Bulletin 8-16-2020


Sunday school lesson – August 16, 2020

The Other Side of Pain

  • Pain is common to the human experience. Joe was leaving a grocery store when he was held-up by an armed gunman and shot three times. The only way he could pay his hospital bills was to sell his house and car. He had lost his job and was now begging for bus fare to look for one.

Discussion: How can you help the “Joes” of this community?

  • Cindy has just gone through a divorce. Her guilt is consuming her, but the greatest indignity came when her husband said, “I never really loved you anyway.”

Discussion: How can you help Cindy during this time. There are those people in the Caledonia-Kolola community that are going through this now.

  • Mary is intellectually disabled and the only person caring for her is her mother. Mary’s mother just died of cancer. She told me, “I just can’t stop crying.” That is pain.

Discussion: How can you help that neighbor who is Mary in your community?

As a minister— I see pain every day. I have seen how much it hurts to lose employment, I’ve have watched one’s home burn, and I have seen and worked with death frequently. It’s tough! Pain comes in all forms— physically, emotionally, and spiritually— and it often has debilitating effects upon us. It has a way of coloring life. At times, the load seems too great to bear, and we lose our desire to try.

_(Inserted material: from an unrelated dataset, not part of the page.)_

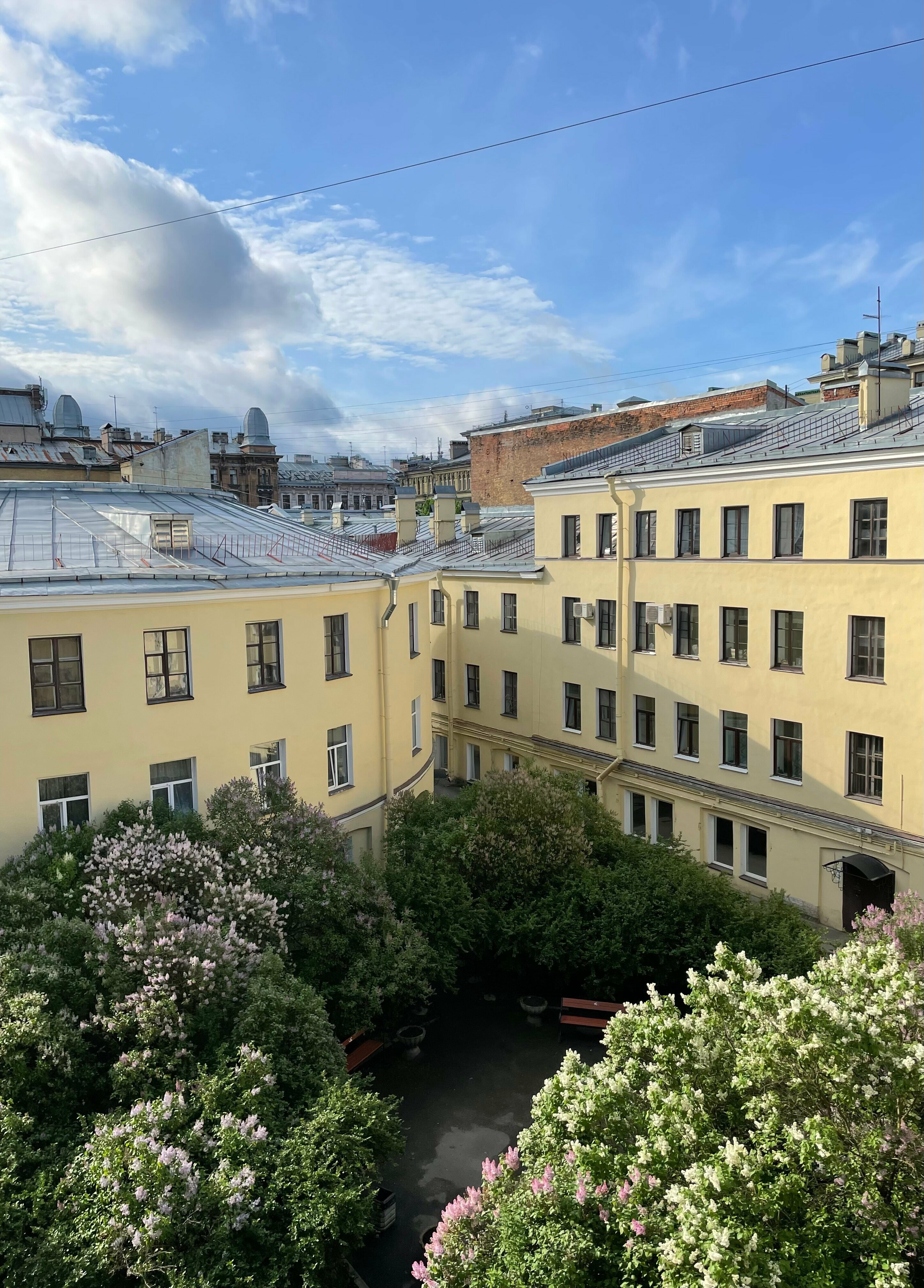 Двухкомнатная квартира с видом во двор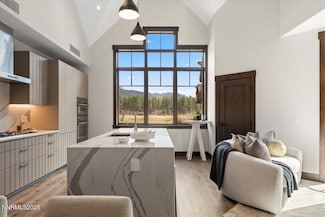 36 Beach Club Dr Unit 606, Stateline, NV 89449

Pain has another side. We may not always see it or even want to see it. It is not always negative. In Christ there is a redemptive value to pain. In Clyde Reed’s book, “Celebrate the Temporary”, he wrote the following:

“One of the most common obstacles to celebrating life fully is our avoidance of pain. We dread pain— we would do anything to avoid it. Our culture reinforces our avoidance pain by assuring us we can live a painless life. Advertisements can start by encouraging us to believe that life can be pain free, but life without pain is a myth— this is an unmistakable, clear, unalterable fact. Many of us do not realize that pain and joy run together. When we cut ourselves off from pain, we have unwittingly cut ourselves off from joy as well.”

Yes, the experience of pain in life prepares us for a productive and meaningful relationship with God. The pain in David’s life came because of unbridled passion. He felt defiled, dirty, and cut off from God. “The sacrifice acceptable to God is a broken spirit, a broken and contrite heart, O God, thou wilt not despise.” Psalm 51:17

Brokenness compels us to look to the Lord and depend upon Him. God’s power is made evident in our weakness (2 Corinthians 12:9), so that brokenness becomes the crucible out of which comes yieldedness. Every man and woman of God has experienced such brokenness.

For Abraham, it was an altar; for Moses it was the wilderness; for Elijah, it was a wicked queen; For Paul, it was a thorn in the flesh; and for Jesus, it was a cross.

Yes, it is through pain that we are prepared to comfort and minister to others. Paul say that the God of all my comfort “comforts us in our afflictions, so that we may be able to comfort those who are in any affliction.” God has a unique way of bringing others into our lives to whom we can minister in special ways only because of our experiences.

It is possible that the pain you are experiencing right now is God’s way of preparing you to minister to people in the future who have the same pain. I have seen this work out many times in the ministry. When the time comes for you to minister to others, based on your pain, just say “yes” to God and always be available.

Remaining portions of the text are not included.